Kay Carl remembers the day her seventh-grade daughter, Traci, came home from school wanting to talk about her mother’s secretarial job.

Traci Carl’s school was having a Career Day, and students were supposed to talk to adults about their jobs.

“I remember looking out the kitchen window and seeing (Journal-World sports editor) Chuck Woodling sitting out in back of his house — we lived next door to him,” Kay Carl said. “And I said, ‘Oh, you don’t want to talk to me. My job’s not too exciting. Why don’t you go talk to Mr. Woodling?'”

An hour later, Kay Carl said, Traci “walked in the house and said, ‘I’m going to be a journalist.'”

She got that right.

Traci Carl, now 30, has been named news editor — the No. 2 position — at The Associated Press bureau office in Mexico City, where she spends her days deciding what news from Mexico to share with the world.

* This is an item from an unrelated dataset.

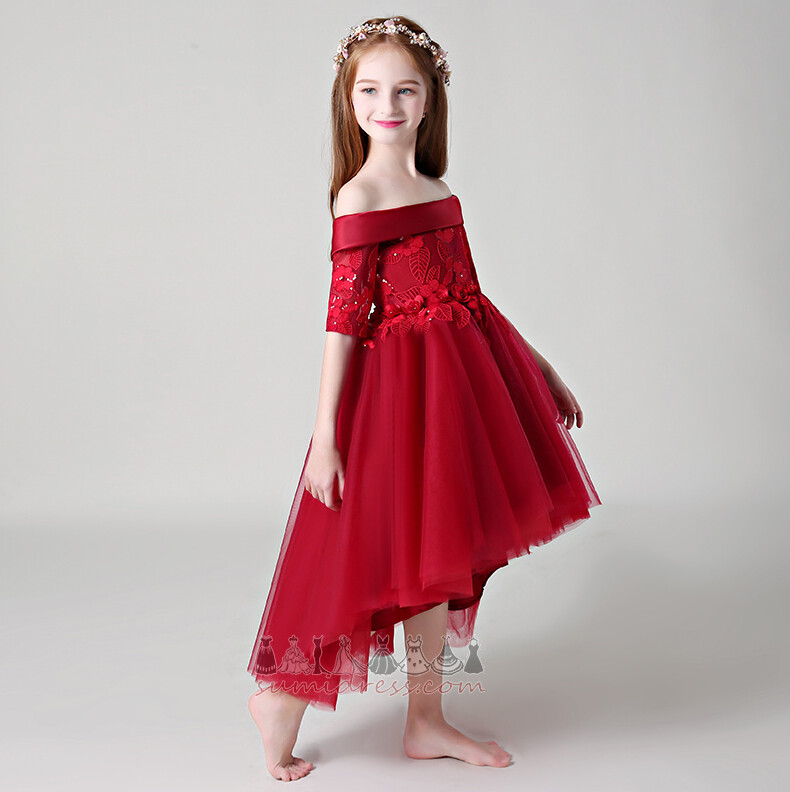 Tül Göz alıcı Asimetrik Göster / Performans Doğal belden Yaz Çocuklar elbise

“Traci was one of those kids who always went all the way with anything she did,” her mother said. “I am so proud of her.”

A straight-A student, Traci Carl was Lawrence High School’s Class of 1991 valedictorian. She graduated from Kansas University in 1995 with bachelor’s degrees in journalism and Spanish.

She worked for The Associated Press in Topeka, Kansas City and Wichita for three years before moving to the news cooperative’s international desk in New York. She’s been in Mexico City for three years.

“I came here in June 2000 to help cover things leading up to Vicente Fox’s being elected president, which turned out to be pretty historic,” Traci Carl said during a telephone interview Tuesday.

Fox’s election ended 71 years of single-party rule in Mexico.

Traci Carl also covered the January 2001 earthquake that killed more than 700 people and destroyed nearly 124,000 homes in El Salvador.

Traci Carl, who graduated as valedictorian of Lawrence High School in 1991 and later from Kansas University, is the news editor of the Mexico City bureau for The Associated Press. She posed in her office Tuesday.

The morning of Sept. 11, 2001, she was in Havana preparing for an interview with Cuba’s foreign minister.

“There’d been a fire, so we were in a temporary office that just had Cuban TV news,” Traci Carl said. “I’d seen the ‘alert’ that a plane had hit the World Trade Center, but that’s all I knew — I didn’t know what kind of plane. It just said ‘a plane.'”

When she got to the foreign minister’s office, she learned the World Trade Center towers had fallen.

“He told me, ‘There are troubles in your country,'” Traci Carl said. She spent the rest of the day filing reaction stories from Cuba.

Within a few days, she was on her way to New York. There, she was put to work on AP’s international desk.

“Basically, I worked the night shift, waiting for war to break out,” she said. After three weeks, she returned to Mexico City.

“I really like it here,” she said. “It’s a fascinating place; there’s so much going on.”

Traci Carl’s success came as no surprise to her high school journalism teacher, Cheryl Nelson.

“That girl is phenomenal,” said Nelson, who now teaches at Free State High School. “She’s personality-plus, she’s serious in what she does, but she has a great sense of humor. She’s great.”